Em ensaio intitulado “Espiritualidade mundana: O trabalho como construção do real”, a historiadora da arte Renata Camargo Sá analisa as Prop Pieces, de Richard Serra. A autora propõe uma interpretação da obra deste artista que o situa como herdeiro do pintor setecentista holandês Johannes Vermeer, um dos primeiros a abraçar uma concepção da arte como fazer mundano, em detrimento de suas concepções mais espiritualistas ou auráticas. O argumento da autora é reforçado por uma discussão da categoria “trabalho” na célebre obra de Max Weber sobre o protestantismo e também por uma abordagem dialética que estabelece uma tensão entre espiritualidade e mundanidade, ostensiva no título do artigo.

Fernando Rodrigues, em sua análise da peça A tempestade, de William Shakespeare, critica as leituras pós-colonialistas que reduzem a última peça do bardo inglês a um conflito entre colonizador (Próspero) e colonizado (Calibã) ou mesmo a uma apologia da exploração colonialista.

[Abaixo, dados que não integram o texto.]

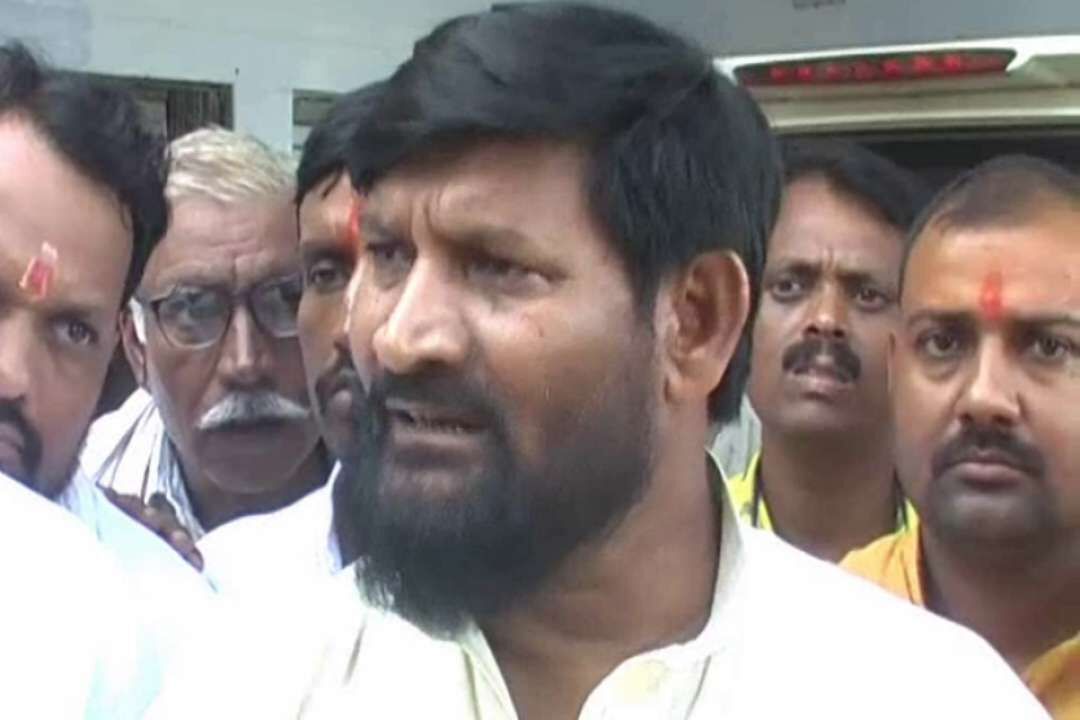 यूपीः बीजेपी विधायक का बयान, दलितों में फर्जी मुकदमा दर्ज कराने की हिम्मत नहीं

O autor salienta que o contexto mais adequado a uma compreensão de A tempestade não é o da discussão sobre a expansão colonial, em marcha à época de Shakespeare, mas sim o contexto das questões dinásticas, que interessariam muito mais diretamente os espectadores do Globe Theater.

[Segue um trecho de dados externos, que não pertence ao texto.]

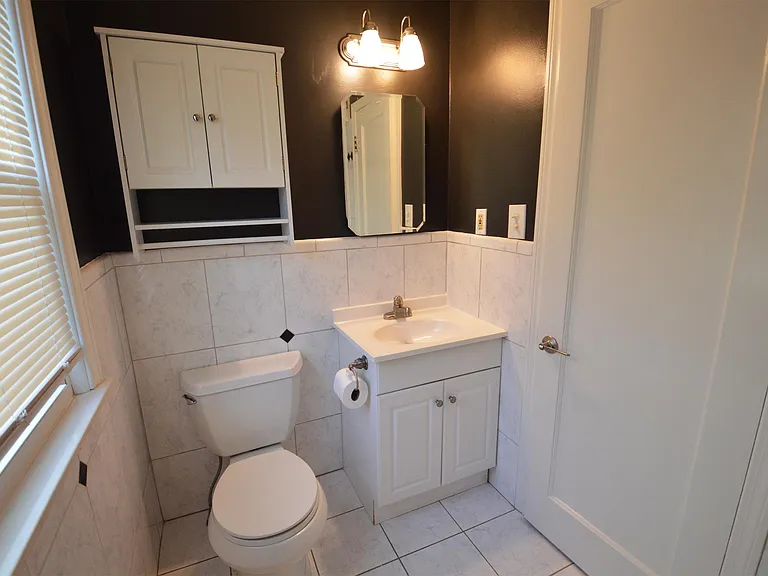 2335 Rowland Ave — Photo 13
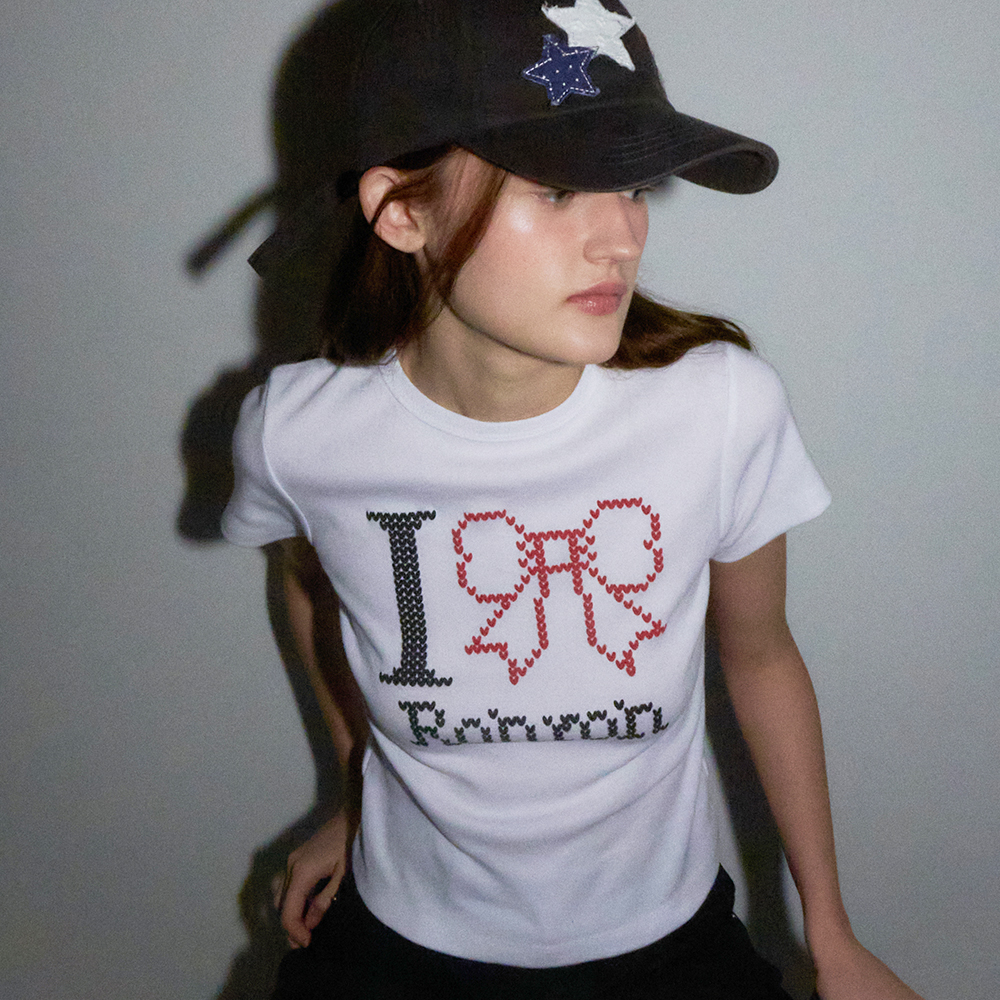 RUFFLE HEART CUT OUT PUFF SLEEVE HALF T SHIRT WHITE - 감도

Em seu ensaio, Tomás Prado propõe-se a analisar um dos textos menos estudados de Graciliano Ramos, Alexandre e outros heróis, à luz de um dos mais importantes discursos de Nietzsche em Assim falou Zaratustra, “Do imaculado conhecimento”. Tomando Alexandre, o grande “contador de causos”, como modelo de narrador, o autor defende a supremacia da “visão maculada” sobre as pretensões de pureza e imparcialidade da metafísica e da ciência.

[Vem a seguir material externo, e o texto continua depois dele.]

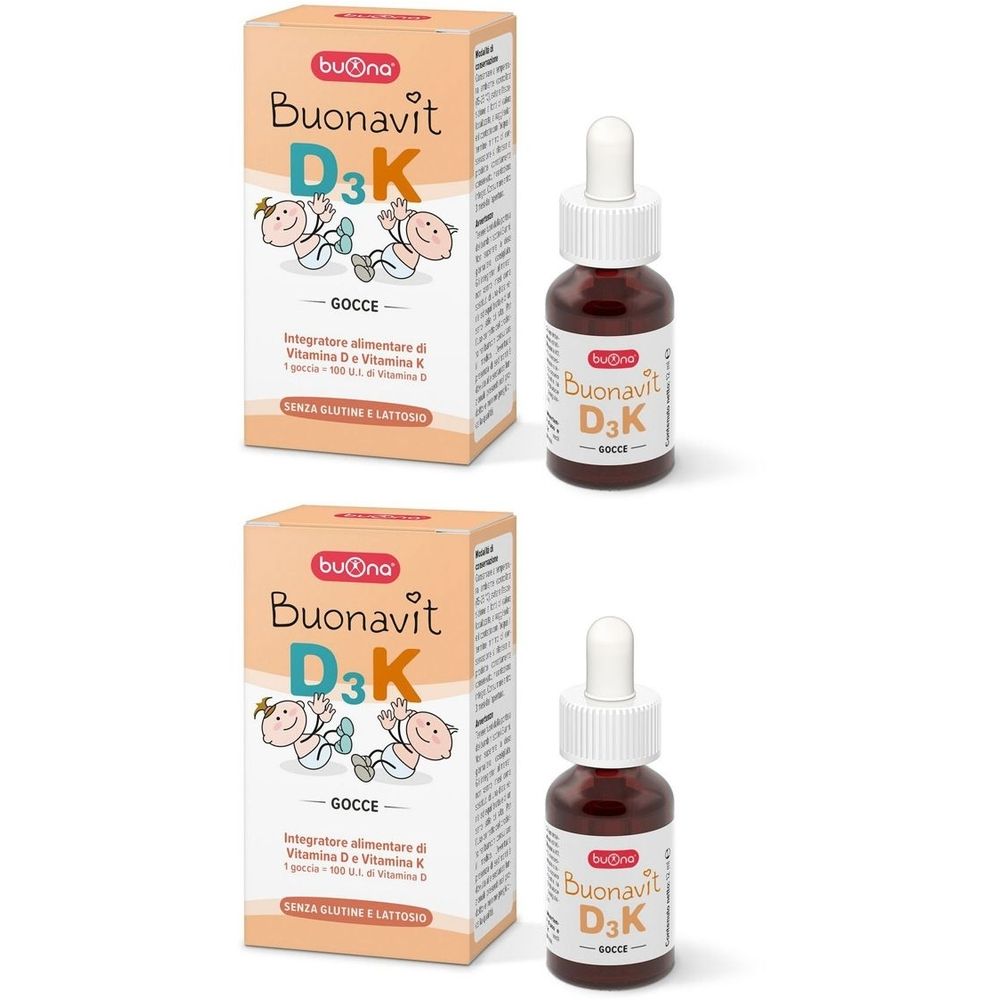 Zwei Packungen und Fläschchen. Auf den Packungen und Fläschchen steht BuonaVit D3K. Tropfen mit Vitamin D und K.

Finalmente, em ensaio especialmente luminoso que toma o filme Inteligência artificial, de Steven Spielberg, como ponto de partida, Douglas Garcia Alves Júnior propõe-se a discutir duas teses: (1) A relação ética de confiança, cuidado e amor é construída à base de uma cadeia opaca de significantes, irredutível a qualquer configuração cultural. O que torna possível o amor é o aspecto material das palavras, o seu poder mimético, gestual e discernível do significado lingüístico; e (2) Toda atitude ética de rejeição da crueldade é motivada por uma relação estética de proximidade e identificação com a criatura que sofre, isto é, por uma experiência mimética, e não por raciocínios a partir de princípios abstratos. Como o autor se esforça por mostrar, enquanto o pragmatismo de Richard Rorty nos permite fundamentar apenas a segunda tese, o pensamento de Theodor Adorno abarcaria ambas.

Ainda que com atraso, esperamos que os leitores aproveitem este novo número da Revista Viso. Estamos trabalhando com o firme propósito de recolocar em dia nosso cronograma de publicações e pretendemos muito breve lançar também o número 6.

A imagem da capa desta edição mostra o grupo de cantores que invade o Hotel des Bains no filme Morte em Veneza [Morte a Venezia], de Luchino Visconti.